Elle dessine pour "Salut les Copains", "Lui", "20 ans", et rencontre Etienne Robial, avec qui elle ouvre en 1972 la première librairie de bande dessinée et fonde en 1975 les éditions Futuropolis. Dans le feu de l'action, nounou d'auteurs, attachée de presse et directrice de collection.

Elle voit défier dans son bureau toutes sortes de jeunes talents en friche, pas toujours bien peignés ni très polis, et racontera cette expérience enrichissante avec Jean-Marc Thévenet dans un livre intitulé "Comment faire de la "bédé" sans passer pour un pied-nickelé". Elle crée, parallèlement, le personnage de Harry Mickson : une sorte de haricot (le haricot dodu du cassoulet, pas le modèle de régime) vêtu d'une salopette-short d'où émergent quelques bras et jambes caoutchouteux, un gros nez et un béret directement vissé à la cervelle.

Ce rejeton illégitime de Mickey Mouse, qui se balade dans (A suivre), Métal hurlant et Charlie, est promu mascotte de Futuropolis et du Mickson BD Football Club. Elle reçoit, en 1989, l'Alph'art de l'humour d'Angoulême pour les "Vieux copains pleins de pépins", et crée les aventures de Gérard Crétin dans "Mikado".

Dans le Journal de Mickey, elle transforme la rubrique-jeux des Déblok en bande dessinée. Elle publie, en 1996, chez Dargaud "Le Démon de midi", hilarante tragédie post-conjugale où l'on voit un quadragénaire quitter son épouse usagée pour une plus fraîche.
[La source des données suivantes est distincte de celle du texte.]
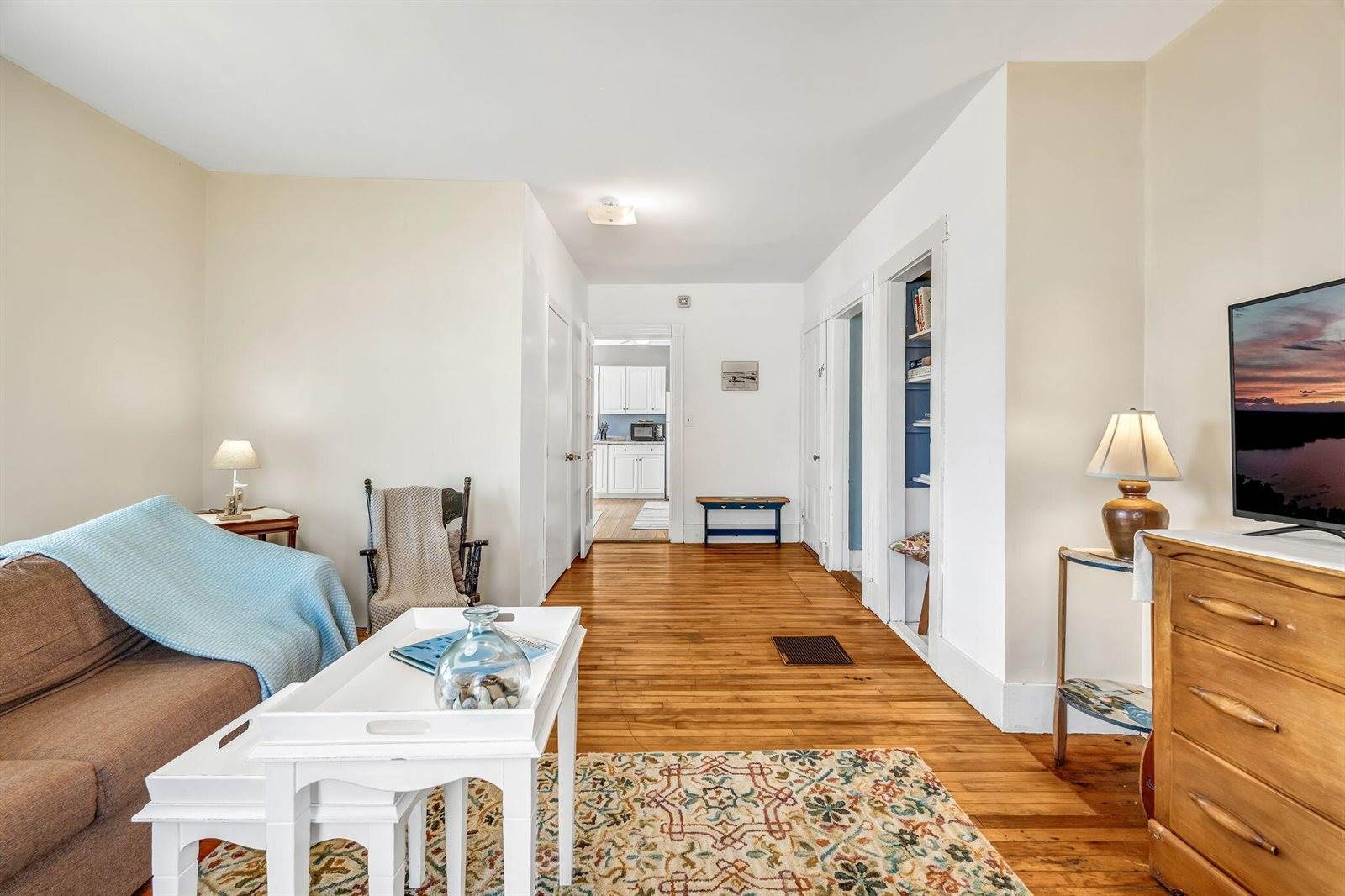 56 Washington Street, Lubec, ME 04652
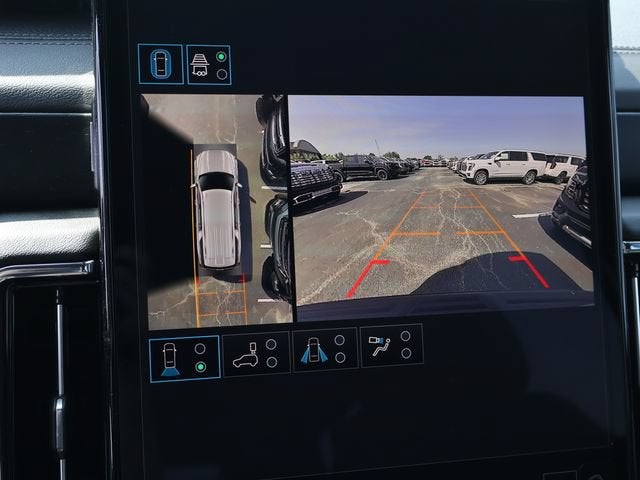 2026 GMC Yukon XL Denali - Photo 38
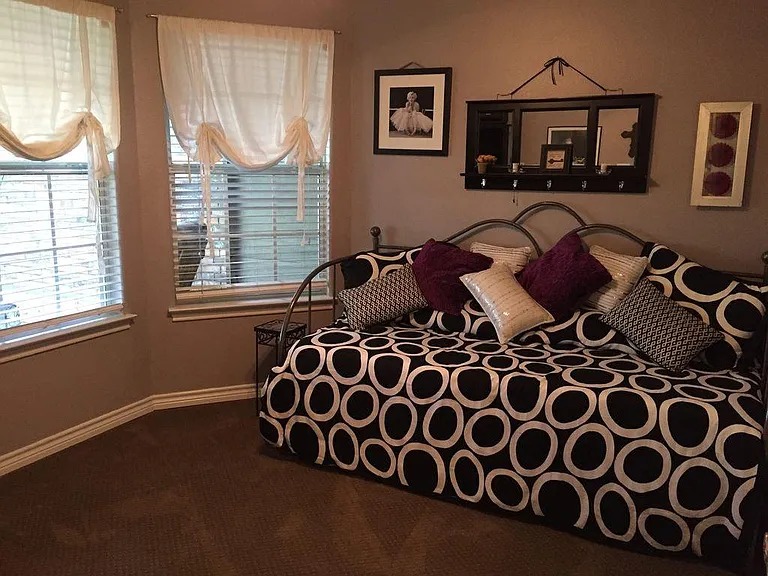 3rd bedroom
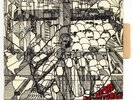 EP Jean Jacques GOLDMAN THE RED MOUNTAIN GOSPELLERS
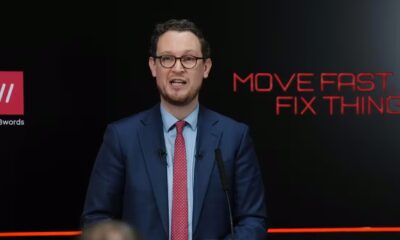 Why the establishment of a national school for civil servants matters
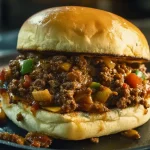 German Chocolate Brownies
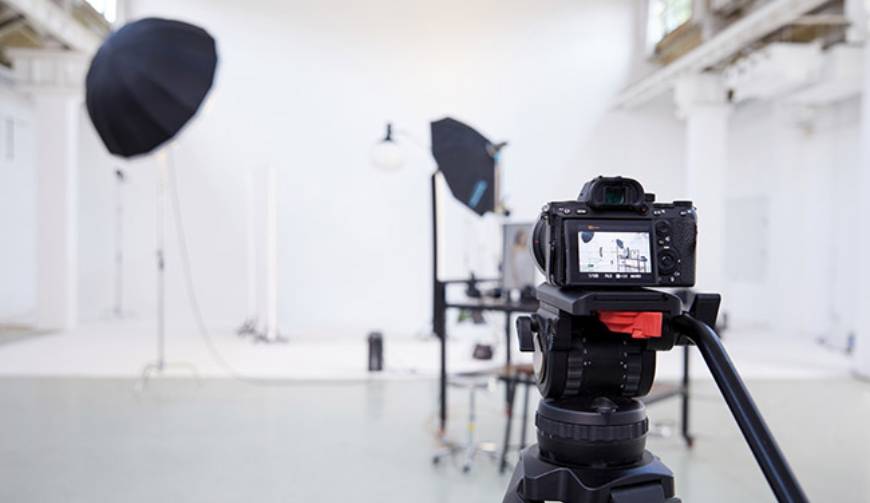 深耕太仆寺旗电商产品视频拍摄制作，解锁电商爆款的视觉密码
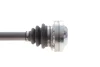Піввісь (задня) BMW 1 (E81/E87)/3 (E90) 05-11 (R) (30z/665mm) M47/N45/N47/N52/N53/N55/N57 GSP 205134 (фото 4)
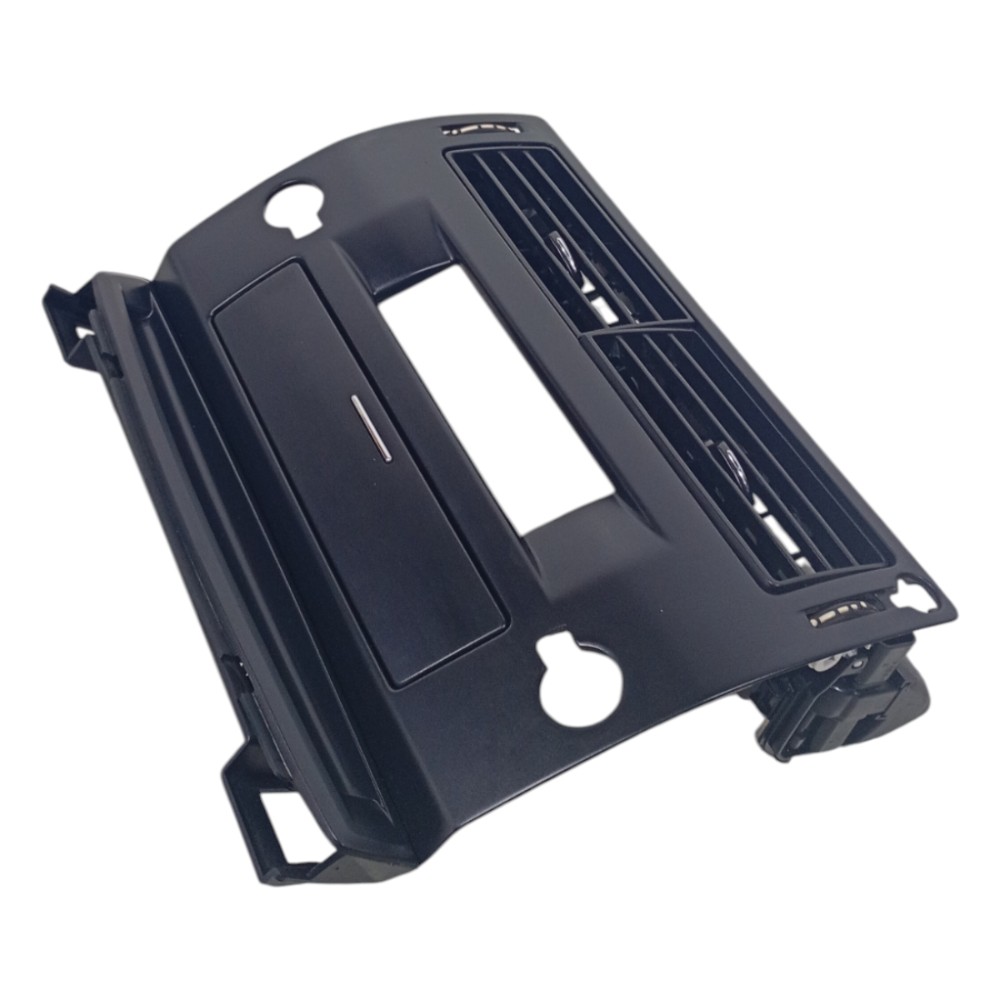Moldura Difusor Central Citroen C4 Pallas 2.0 2007 A 2009 3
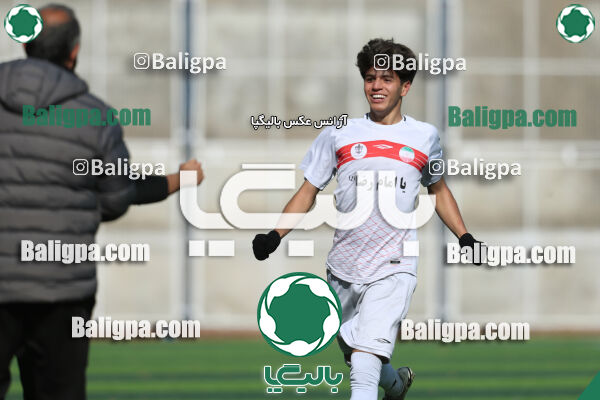 سایپا 0–1 شاهین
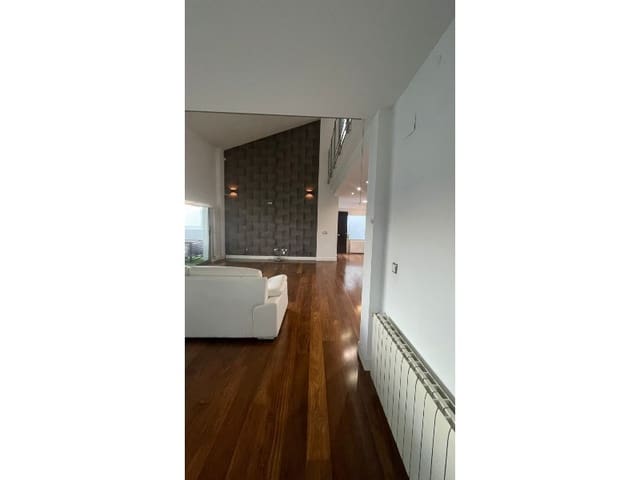 4 soveværelse Villa til leje i La Cañada, Paterna med garage - € 4.000 (Ref: 9616115)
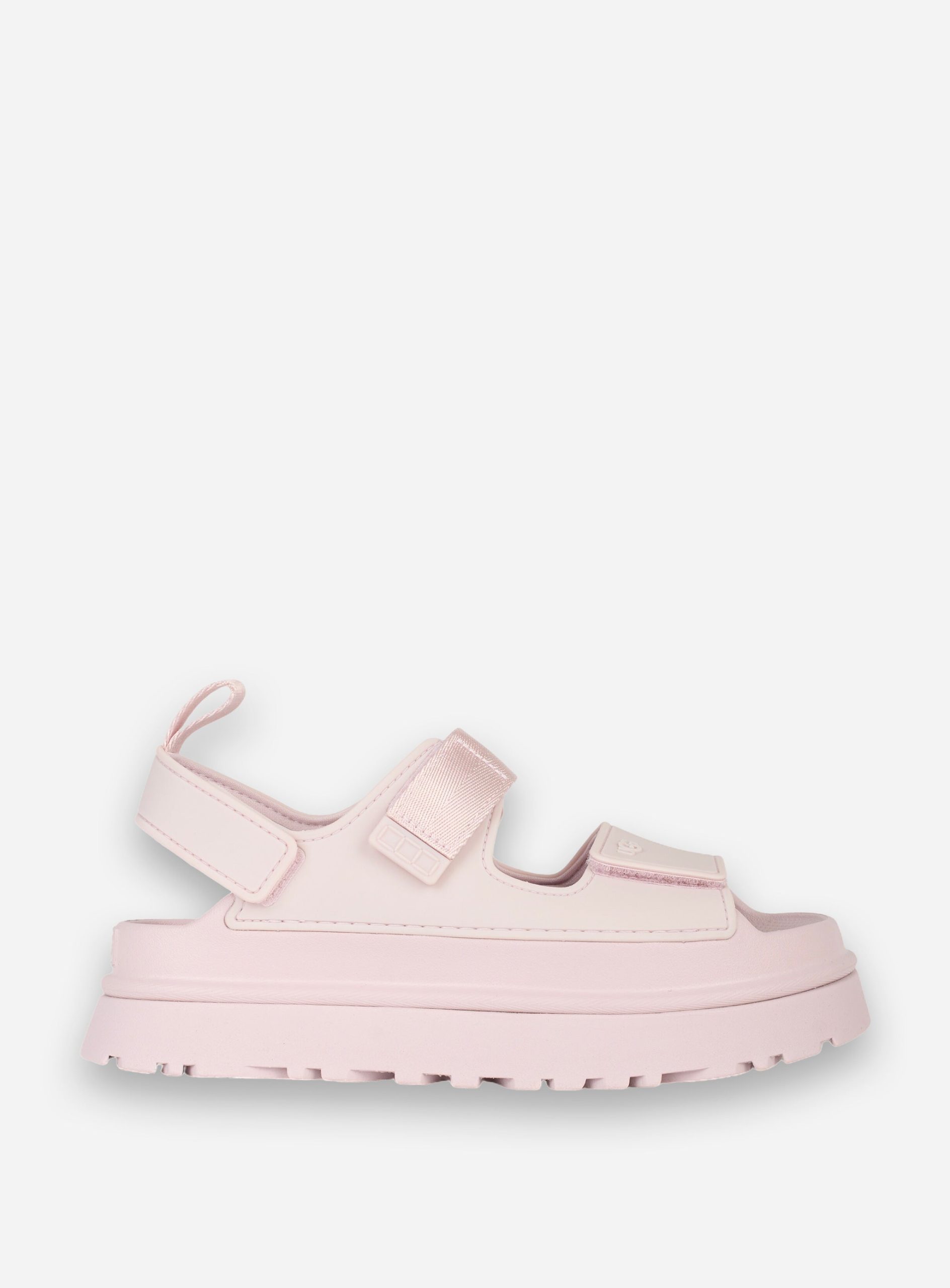 Sandalo GoldenGlow Rosa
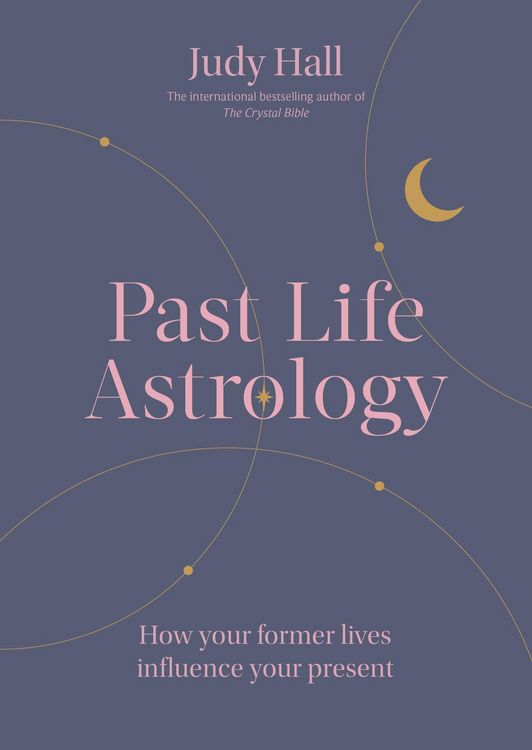 Produktbild: Past Life Astrology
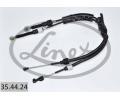Tan lanko run pevodovky LINEX ‐ LNX 35.44.24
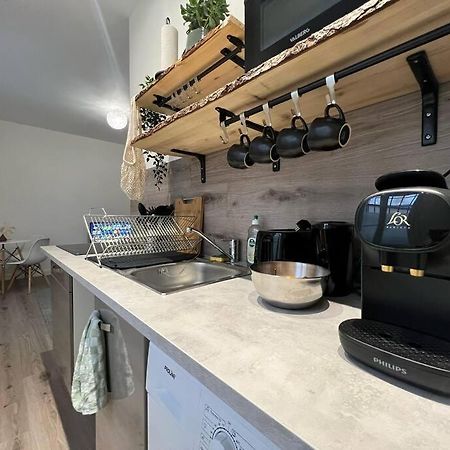 Apartmán Havre De Paix - Melun Exteriér fotografie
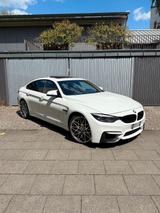 BMW 430d F36 M Paket M4 Umbau 20 Comp... - BMW: Umbau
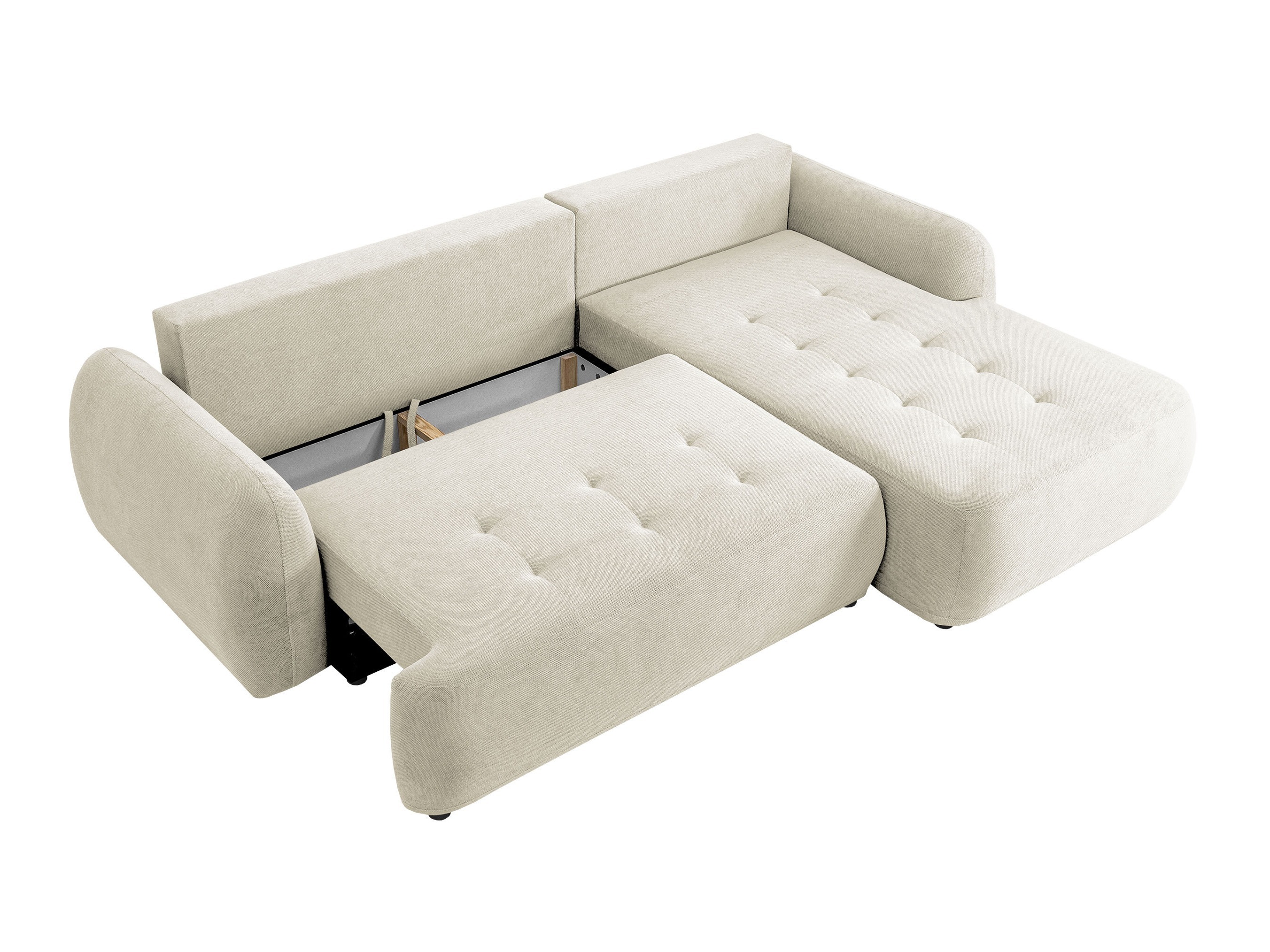 Γωνιακός Καναπές Sora II (Cruz 97)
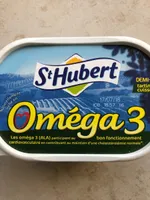 Saint Hubert Omega 3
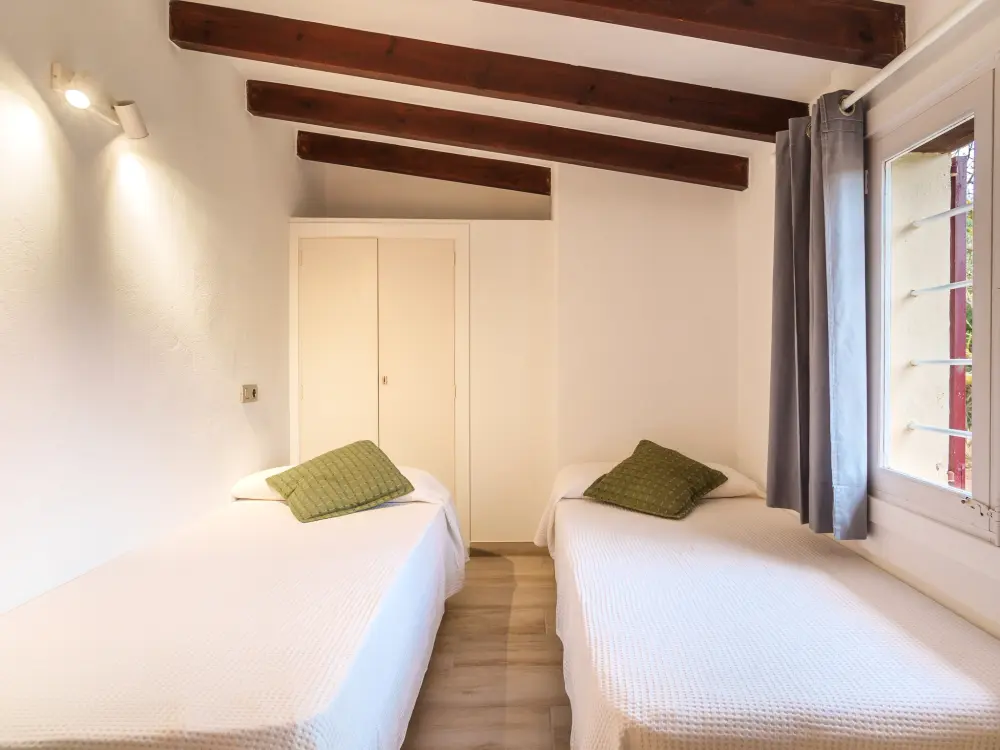 Maison de Vacances Pollença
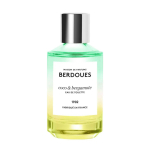 Parfums Berdoues Coco et Bergamote EDT tualettvesi unisex, 100 ml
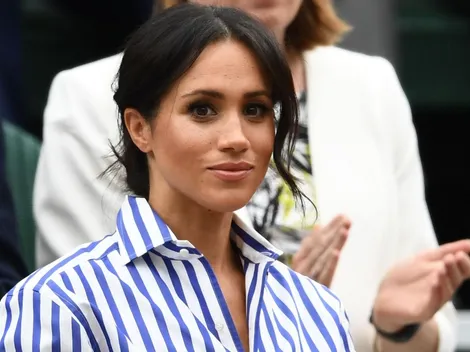 The Crown: Meghan Markle los arruina con una nueva serie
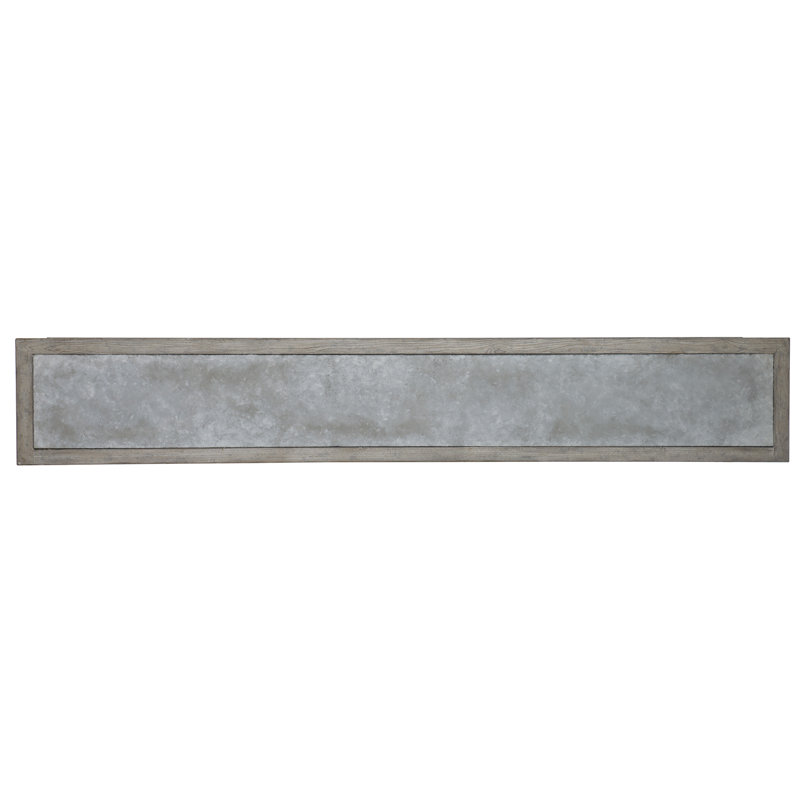 Melange 110'' W Sideboard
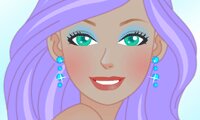Prachtige prinses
Avec ce chef-d'oeuvre d'humour vache et de franchise désarmante, elle récolte un deuxième Alph'art d'humour à Angoulême.

Michèle Bernier avec Marie Pascale Osterrieth l'adaptent avec talent au théâtre, c'est un succès. Parallèlement, elle inonde la presse (Play-Boy, Cosmopolitan, L'hebdo des juinors, Quo, etc.) de ses dessins humoristiques à "gros nez". En 1997, elle rapatrie la famille Déblok chez Dargaud.

En 1998, paraît "La Vie en rose" - album retraçant la jolie vie de Noémie - femme monomaniaque ou ravissement qui est née au début des années 50, a eu 20 ans en 68 et la cinquantaine triomphante en l'an 2000.

Puis en 1999: Du sable dans le maillot - genre de projection des diapos de nos vacances - chaque lecteur, parmi les 12 propositions de vacations, se retrouvera obligatoirement. L'ambiance est bonne, il fait beau et les gens sont sympas.

Depuis 1993, Florence expose régulièrement à la galerie Christian Desbois :
- 1993 : Oeuvres récentes
- 1994 : Trophées
- 1996 : L'obsédante image de la biche au bord de l'eau
- 2000 : piquante !

En janvier 2000, consécration...elle reçoit le Grand Prix de la ville d'Angoulême, pour l'ensemble de son oeuvre.